Azure / azure-functions-rabbitmq-extension

RabbitMQ extension for Azure Functions
MIT License
48 stars 54 forks source link

RabbitMq Connection Reset Issue #159

Open abhishek-loyalytics opened 3 years ago

abhishek-loyalytics commented 3 years ago

Unhandled exception. RabbitMQ.Client.Exceptions.AlreadyClosedException: Already closed: The AMQP operation was interrupted: AMQP close-reason, initiated by Library, code=541, text='Unexpected Exception', classId=0, methodId=0, cause=System.IO.IOException: Unable to read data from the transport connection: Connection reset by peer. ---> System.Net.Sockets.SocketException (104): Connection reset by peer at System.Net.Sockets.NetworkStream.Read(Byte[] buffer, Int32 offset, Int32 size) --- End of inner exception stack trace --- at RabbitMQ.Client.Impl.InboundFrame.ReadFrom(NetworkBinaryReader reader) at RabbitMQ.Client.Framing.Impl.Connection.MainLoopIteration() at RabbitMQ.Client.Framing.Impl.Connection.MainLoop() at RabbitMQ.Client.Impl.SessionBase.Transmit(Command cmd) at Microsoft.Azure.WebJobs.Extensions.RabbitMQ.RabbitMQListener.<>c__DisplayClass20_0.<b0>d.MoveNext() --- End of stack trace from previous location where exception was thrown --- at System.Threading.Tasks.Task.<>c.b139_1(Object state) at System.Threading.QueueUserWorkItemCallbackDefaultContext.Execute() at System.Threading.ThreadPoolWorkQueue.Dispatch() at System.Threading._ThreadPoolWaitCallback.PerformWaitCallback()
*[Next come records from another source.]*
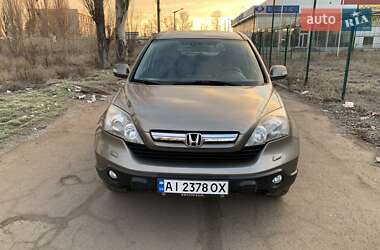 Внедорожник / Кроссовер Honda CR-V 2008 в 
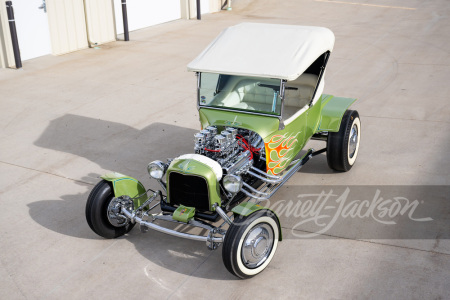 1916 FORD MODEL T CUSTOM T-BUCKET "TROJAN"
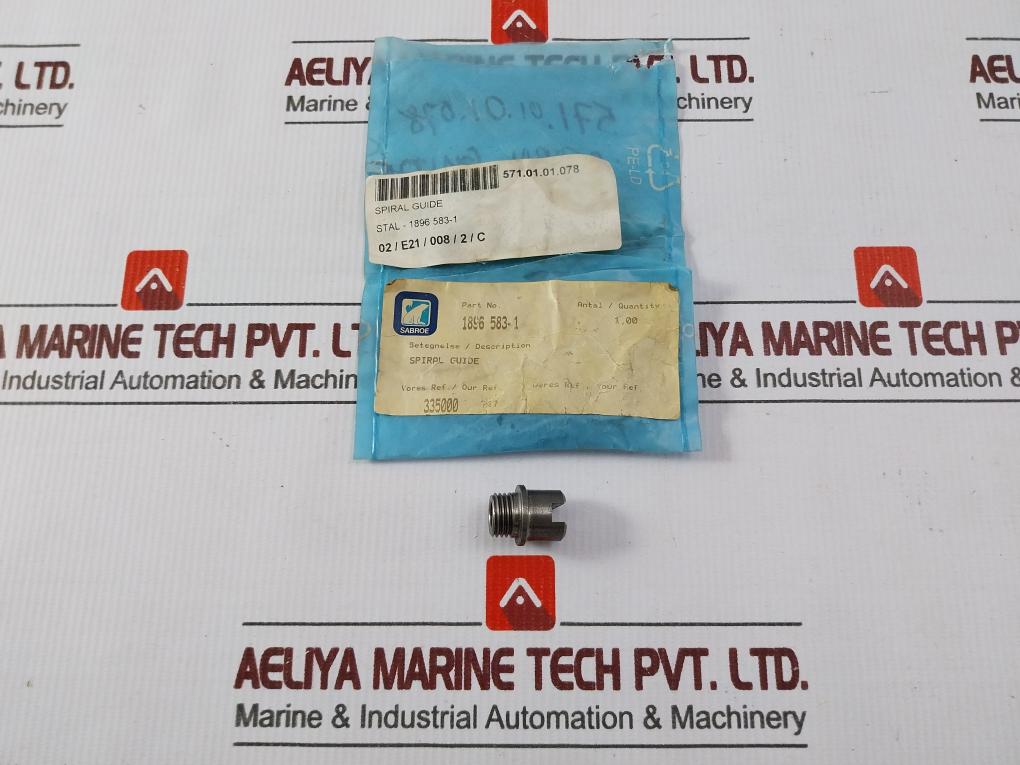 Stal 1896 583-1 Spiral Guide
npalmius commented 1 year ago

We have been seeing this error too under quite specific conditions, and in case it is useful I thought that I would add my findings to this ticket.

We are running a Python (currently Python 3.7) function app host (v3.17.0) with RabbitMQ extension trigger (v2.0.3.0) running in an app service image (based on 3.0-python3.7-appservice) in Kubernetes.

In our case, what appeared to be happening was that our image didn't contain the pre-compiled python scripts (i.e. the __pycache__ directories) for our functions, so these were generated on first function execution. This would trigger a restart of the JobHost by the FileMonitoringService, which would stop the RabbitMQListener while the function was still executing. So when the function finished, the RabbitMQ connection had been disconnected, which triggered the error in the ticket.

It doesn't appear to be possible to disable the file-watching behaviour of the function app host, so we think that we have resolved this by pre-compiling our python functions so that we don't trigger the JobHost restart. We'll be monitoring it to see if we still see this error.

IMO, it is unclear where the fault is here - should the function app host be restarting running functions? Or can the RabbitMQ extension somehow handle this?

There isn't much detail in the original ticket here, but just wanted to add this in case it is relevant.